Ask questions before you deliver information based merely on your impressions or assumptions.
For example, if you want to give an employee feedback regarding his poor handling of a client request, you could ask some questions about what he was hoping to accomplish in the interaction. What did he think the client was really asking? How did he decide on his approach? What type of outcome was he hoping to gain?
By asking open-ended (rather than yes-or-no) questions and assuming positive intentions, you set the stage for a problem-solving discussion in which you and your employee are both invested in reaching a better solution. It takes more time to engage in a two-way dialogue than to conduct a one-sided information download session, but investing those few extra minutes will yield a far greater return.
Encourage employee-generated solutions.
The more you can partner with your employees to determine new solutions to any behavior changes you’d like to see, the happier you are both likely to be.
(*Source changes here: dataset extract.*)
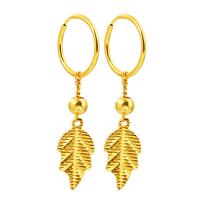 Huggie Hoop Drop Earring, Brass, Leaf, plated, for woman, golden, 47.20x9.80mm, Sold By Pair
Whenever possible, be open to alternative approaches to problem solving, and try not to dictate your approach if others would work equally well.
Focus on the desired outcome, and foster employee creativity to develop new ways to reach it. You will build trust and encourage ownership when you show employees that you believe in their resourcefulness and want them
Become an ally rather than a critic.
Tie performance feedback to your employees’ personal or professional goals. If you know an employee is working for a promotion, but needs to improve her presentation skills first, look for opportunities to hear her speak, and then tell her when her content or delivery is less than optimal. Give thoughtful suggestions, encourage her to practice with you next time, and tie your feedback to the achievement of her goals. Simply put, let her know that you are in it together.
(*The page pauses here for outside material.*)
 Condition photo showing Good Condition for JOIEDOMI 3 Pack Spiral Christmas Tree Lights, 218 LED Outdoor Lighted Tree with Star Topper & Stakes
Consequently, your communication becomes less about “fixing” or criticizing, and more about helping your employees get to where they want to be. Employees will be much more open to hearing your feedback and concerns when they know you have their best interests at heart.
Tie your feedback to the bigger picture.
Good leaders connect individual performance feedback to the needs and values of the overall business and its stakeholders—customers, investors, suppliers, and other employees.
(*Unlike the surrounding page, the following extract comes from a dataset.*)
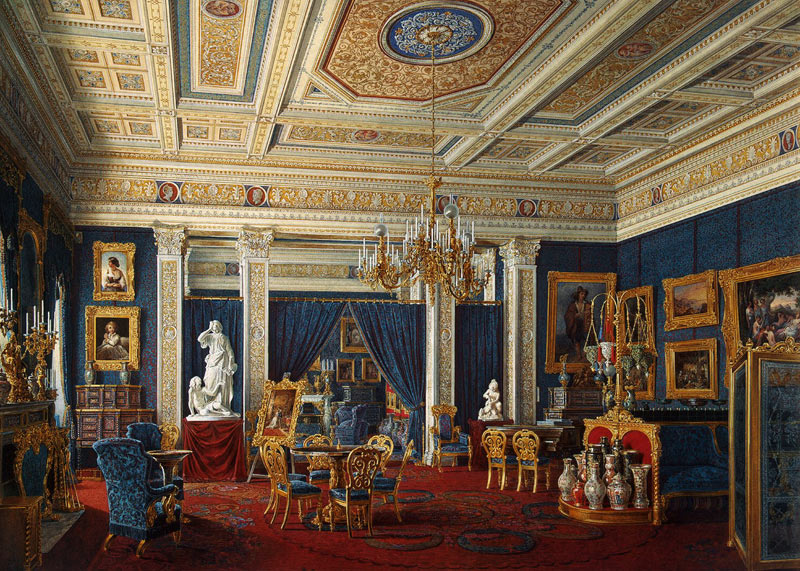 Blue Drawing-Room in the Mariinsky Palace in Saint Petersburg van Eduard Hau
The workplace culture has developed over time to support your organization’s mission and strategic objectives. When conducting a performance conversation, ensure that your feedback is linked to these overarching drivers. Connecting constructive—or potentially unpleasant—performance information to the bigger organizational picture makes it much easier for employees to receive and most likely captures the real purpose of the specific feedback.
Model the behavior you’d like to see.
Be open to and seek constructive performance feedback for yourself. Share your own career aspirations, and enlist the support of your colleagues and direct reports to help you get there.
When employees see that you walk the talk by searching for information that addresses your own learning and performance, you become partners with them in professional growth. People often are more open to hearing your feedback when you can model how and why it’s done, and will feel less vulnerable when receiving “difficult” information if you’ve shown them that you are willing to be vulnerable, too.
Don’t miss the opportunity
Creating a culture where co-workers feel comfortable giving and receiving performance feedback requires commitment and perseverance. It cannot be a one-time or annual event, and it shouldn’t catch employees off-guard.
When leaders deliver performance feedback well—as an expression of organizational values such as growth, mutual respect, excellence, and service—the resulting dialogue serves to reinforce those values and strengthen the workplace culture. Giving timely, meaningful feedback is an opportunity you can’t afford to miss.